Crisis Management & Coronavirus: cosa penso della situazione attuale.

Riprendo un commento che ho appena pubblicato su Facebook in un thread di Toni Muzi Falconi e rispetto a una discussione provocata da Luca Poma.

Personalmente credo che sia giusto parlare del problema di come sia stata affrontata questa crisi e individuo due emergenze da affrontare come comunità di comunicatori:

  1. scarsa preparazione del sistema Italia al crisis management;
  2. zero preparazione sul tema specifico delle epidemie.

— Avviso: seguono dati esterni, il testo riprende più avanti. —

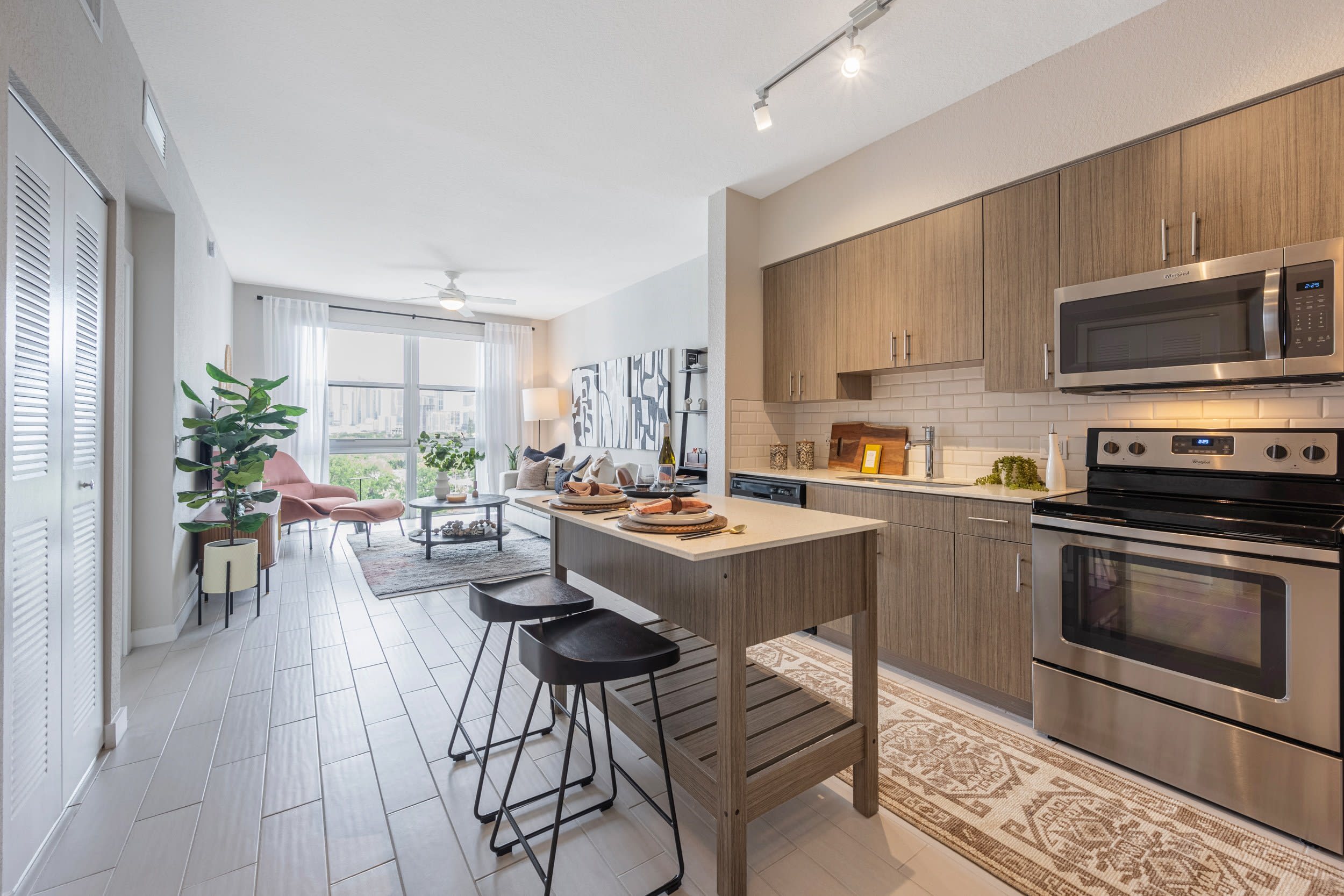 Riverhouse at 11th Apartments – photo 3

Da questo punto di vista credo che sia giusto elaborare una proposta costruttiva da parte dell’associazione professionale: per esempio come indicavo via email, potremmo discuterne tra noi in uno spazio riservato sulla intranet Ferpi e poi proporre un libro bianco sul crisis management per eventi catastrofici (disastri ambientali, epidemie, crisi economiche di sistema, ecc.).

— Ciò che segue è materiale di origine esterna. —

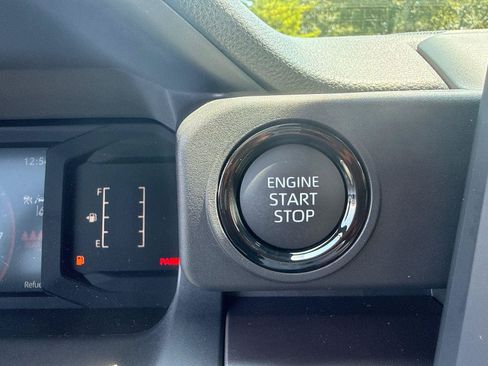Used 2026 Toyota Tacoma SR5 AWD/4WD image 17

Penso anche che interpretiamo differentemente il nostro ruolo:

pur occupandomi principalmente di comunicazione, non riesco a non pensarmi come professionista di relazioni pubbliche.

Quindi, quando affronto temi come le crisi, reclamo un ruolo nella gestione (o nel governo) degli stakeholder; non solo nelle attività di framing del messaggio, nella definizione della narrativa, o nella scelta delle tattiche e degli strumenti; tutte cose sulle quali entro per forza, ma che secondo me vengono successivamente.

Quindi più che alla crisis communication di cui dovremmo essere esperti, vorrei che come Ferpi dessimo un contributo al crisis management. E qui vengo al punto che io vedo come più critico oggi: gli errori di comunicazione che tutti abbiamo notato, sono figli di un’interpretazione (secondo me) del ruolo nostro come mero spin-doctoring o ancor peggio press-agentry. La mascherina di fontana, il contatore dei contagi, la fase di allarme e poi quella di tranquillizzazione, la presenza a tutte le ore del capo del governo e degli altri… mi sembrano un approccio alla Barnum, che va benissimo per fare campagne elettorali e raccogliere consensi di breve periodo, ma sono pessime tattiche inserite in contesti più complicati come l’economia globale e la gestione della salute pubblica (e della schizofrenia collettiva) dove invece serve una gestione delle relazioni con gli stakeholder un po’ più strutturata.